Stored data ▸
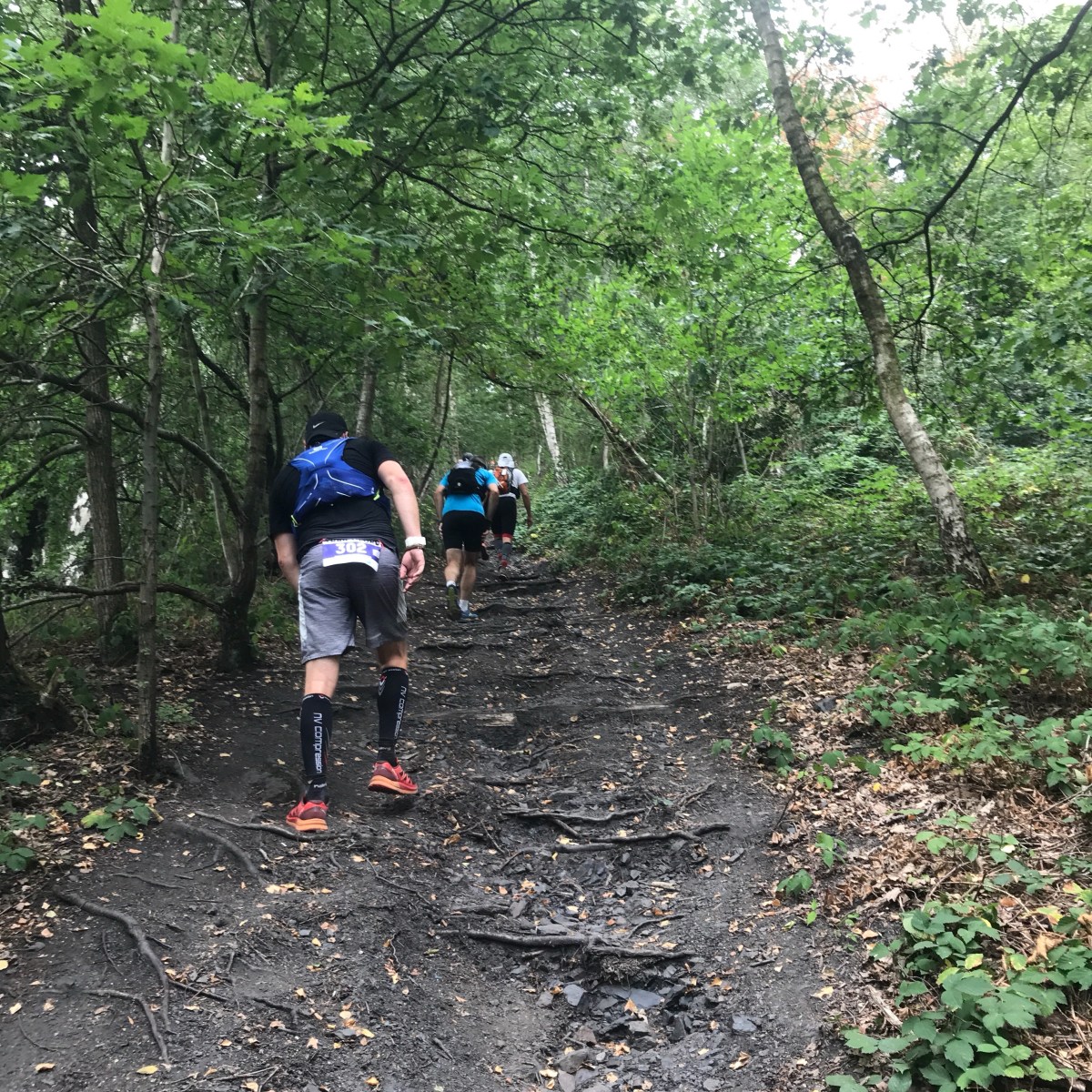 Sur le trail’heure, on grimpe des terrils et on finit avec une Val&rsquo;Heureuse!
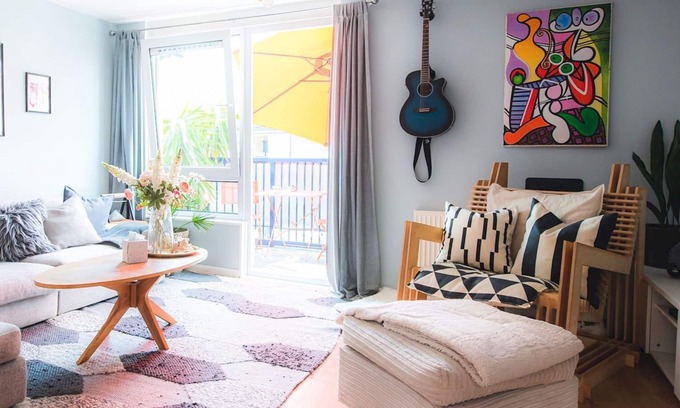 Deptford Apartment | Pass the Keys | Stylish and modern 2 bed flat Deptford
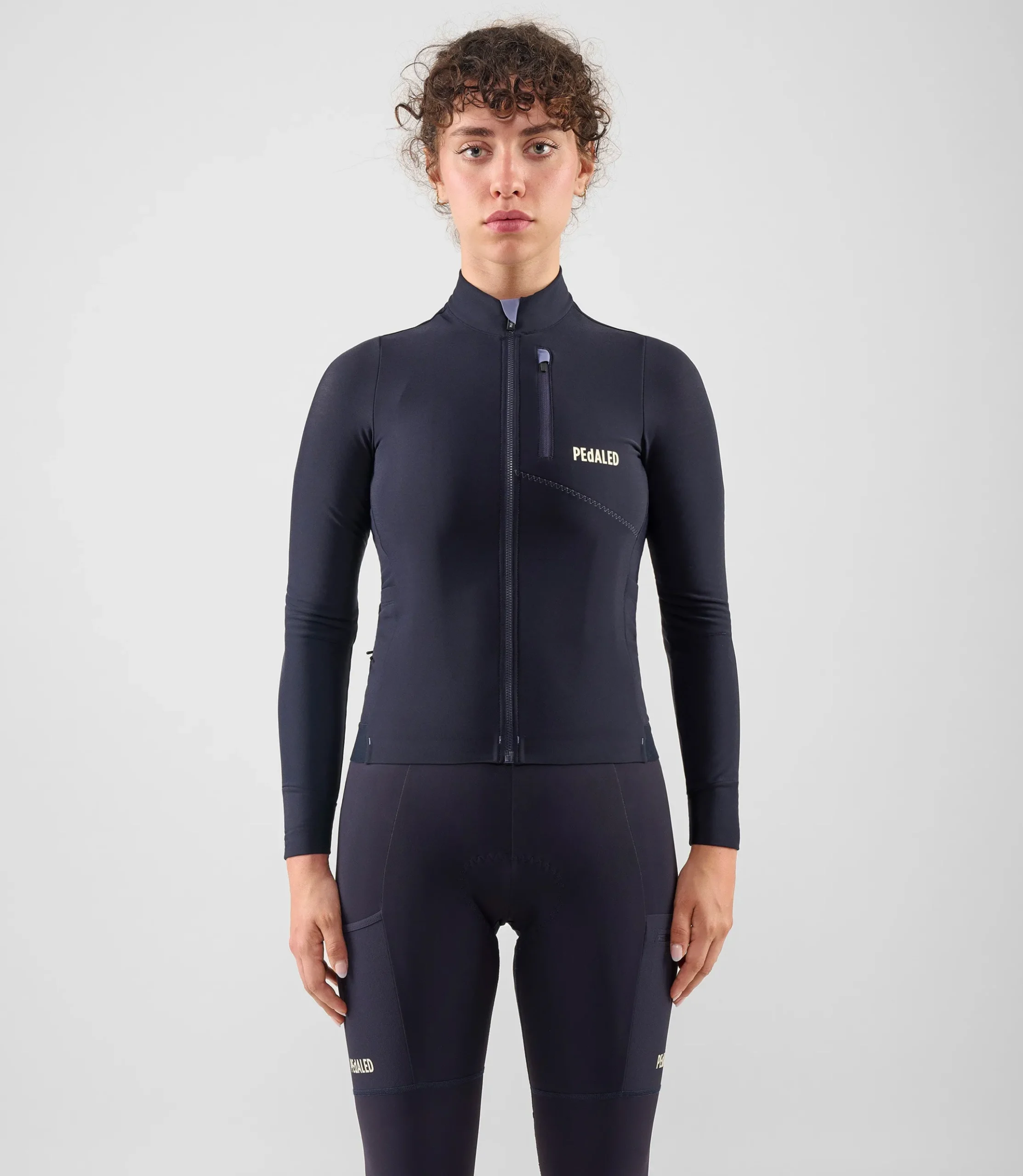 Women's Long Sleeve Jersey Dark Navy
--
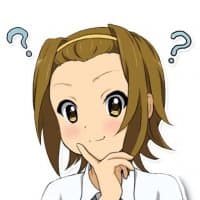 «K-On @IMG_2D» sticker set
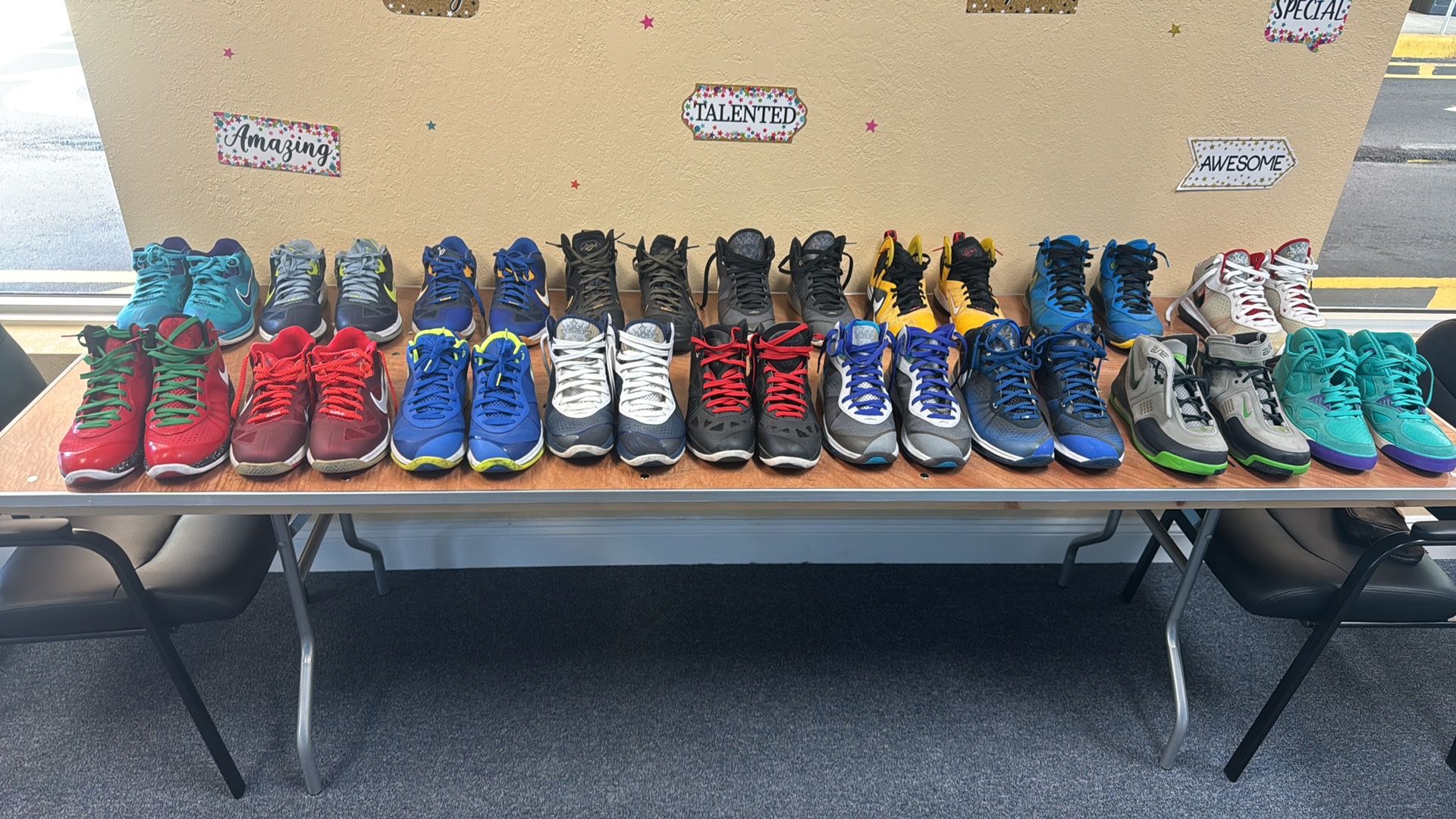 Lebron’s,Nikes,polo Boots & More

Work task ▸
Only the lines of the listing above from the one with "Sur le trail’heure, on" through the one with "Women's Long Sleeve Jersey Dark Navy" should be output, exactly, with both ends kept and pictures left out.

Solution to the exercise ▸
 Sur le trail’heure, on grimpe des terrils et on finit avec une Val&rsquo;Heureuse!
 Deptford Apartment | Pass the Keys | Stylish and modern 2 bed flat Deptford
 Women's Long Sleeve Jersey Dark Navy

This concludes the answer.